MATERIAL PROVIDED —
===============
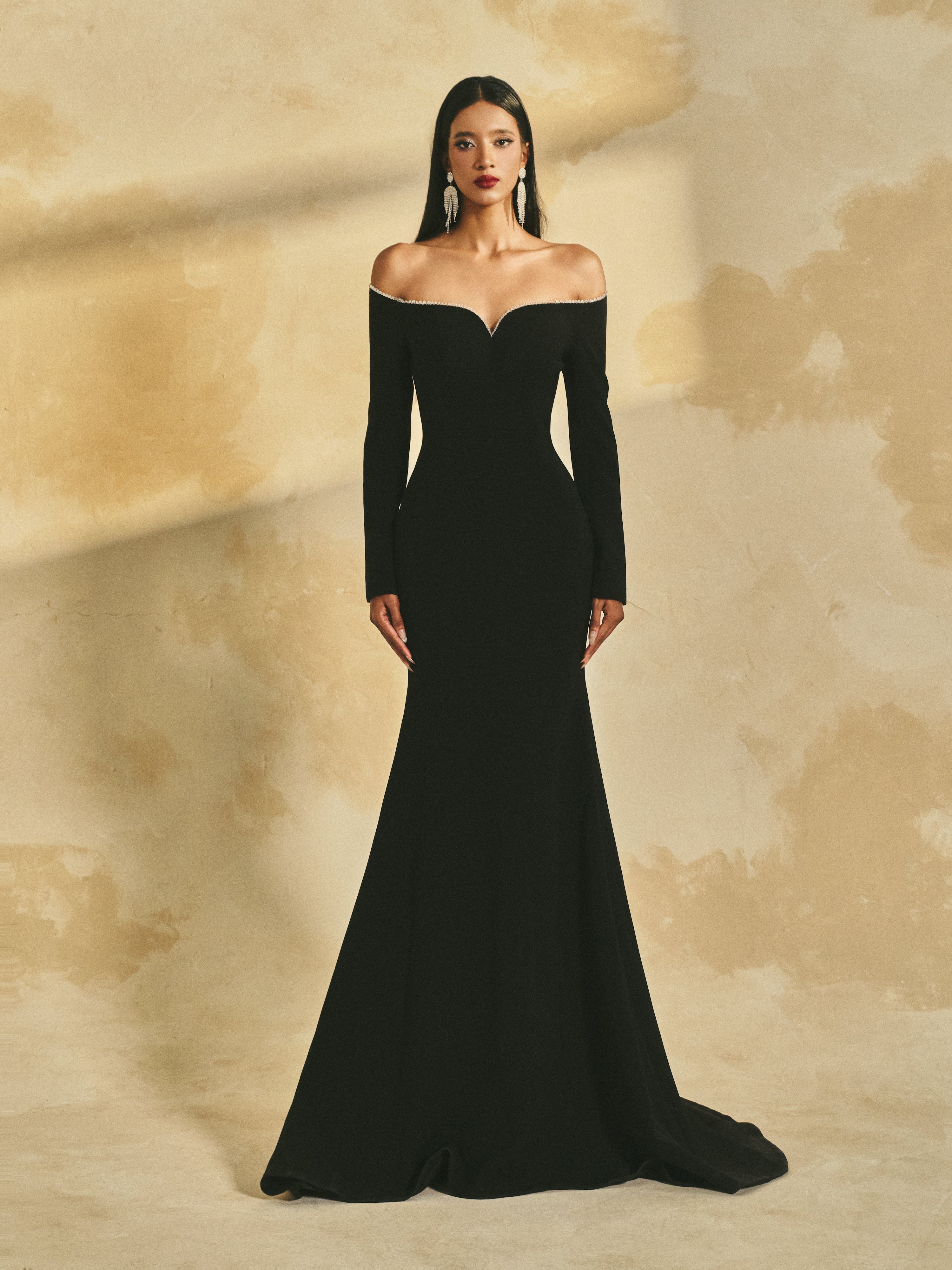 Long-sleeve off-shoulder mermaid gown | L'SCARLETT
===============
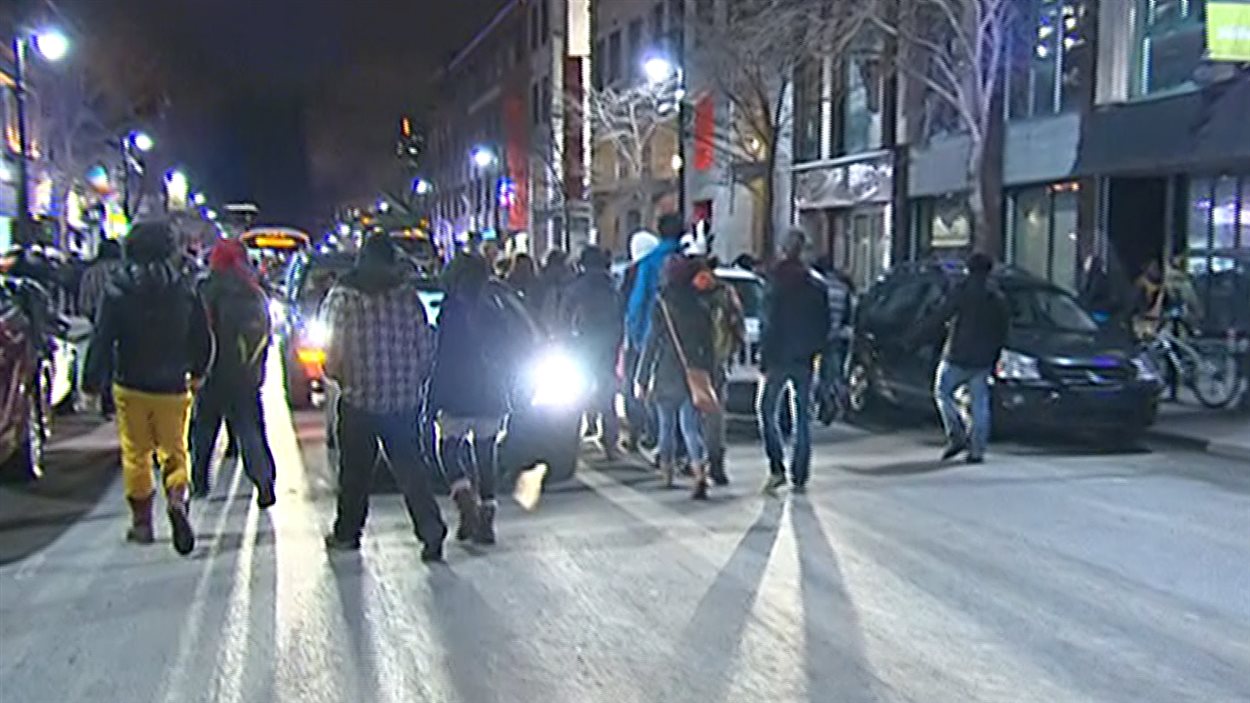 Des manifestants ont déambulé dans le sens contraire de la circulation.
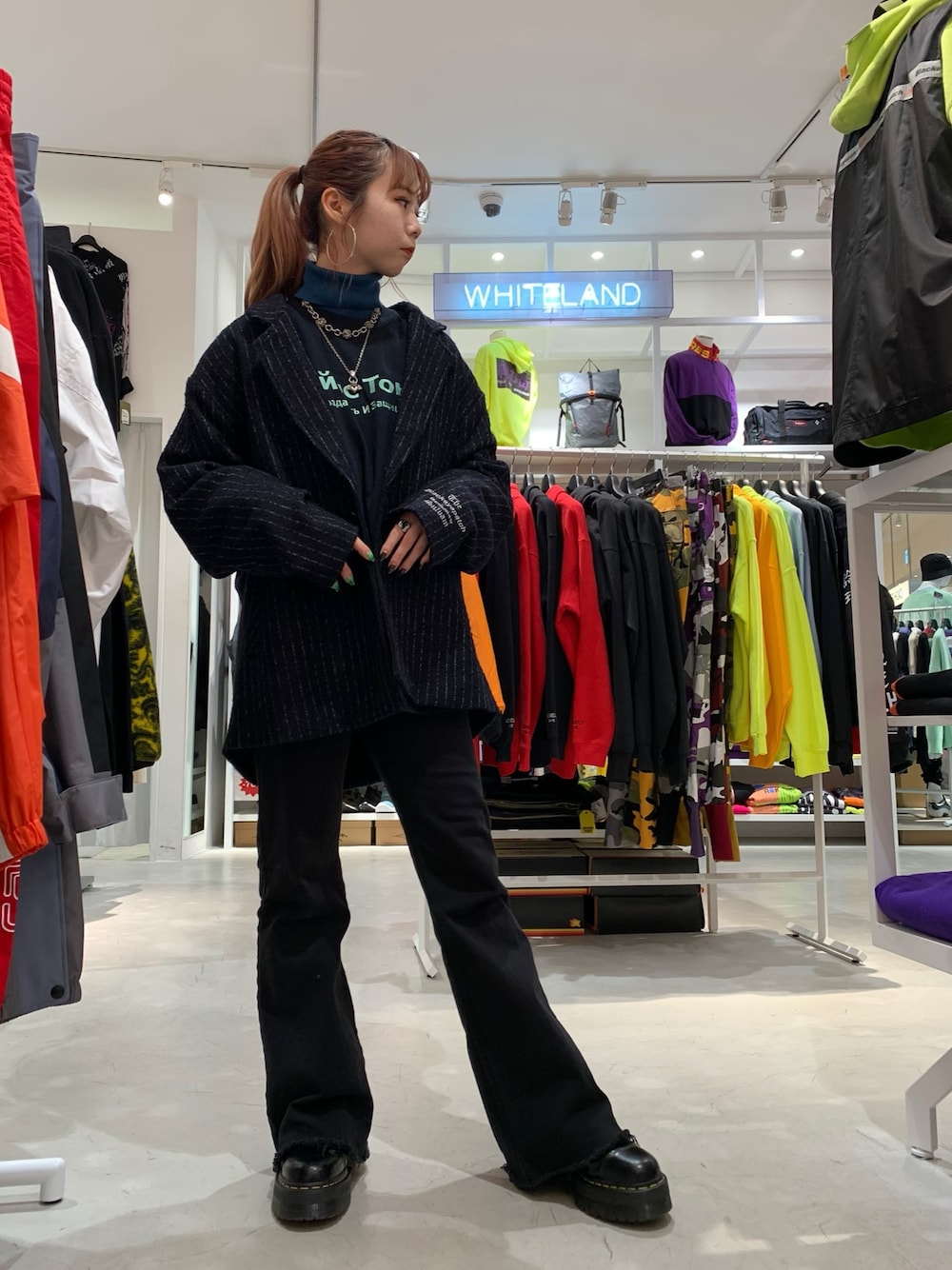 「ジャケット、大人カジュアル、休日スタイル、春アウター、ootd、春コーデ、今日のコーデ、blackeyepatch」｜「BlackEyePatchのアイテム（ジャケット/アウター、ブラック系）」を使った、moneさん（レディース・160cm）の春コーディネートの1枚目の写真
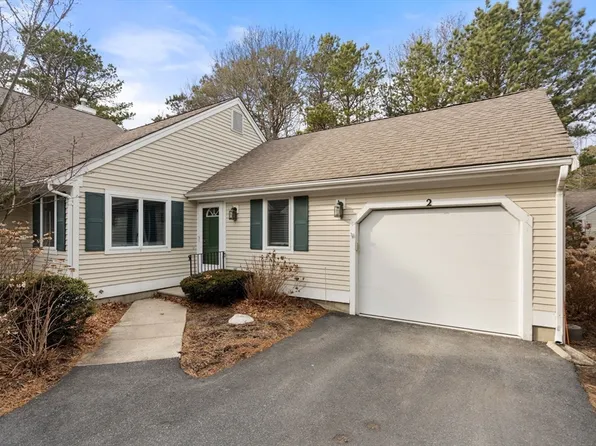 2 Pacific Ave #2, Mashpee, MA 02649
===============
In the listing above, find the line with "Des manifestants ont" and output it and every line after it up to and including the line with "2 Pacific Ave #2, Mashpee, MA 02649", exactly, minus the pictures.

 Des manifestants ont déambulé dans le sens contraire de la circulation.
 「ジャケット、大人カジュアル、休日スタイル、春アウター、ootd、春コーデ、今日のコーデ、blackeyepatch」｜「BlackEyePatchのアイテム（ジャケット/アウター、ブラック系）」を使った、moneさん（レディース・160cm）の春コーディネートの1枚目の写真
 2 Pacific Ave #2, Mashpee, MA 02649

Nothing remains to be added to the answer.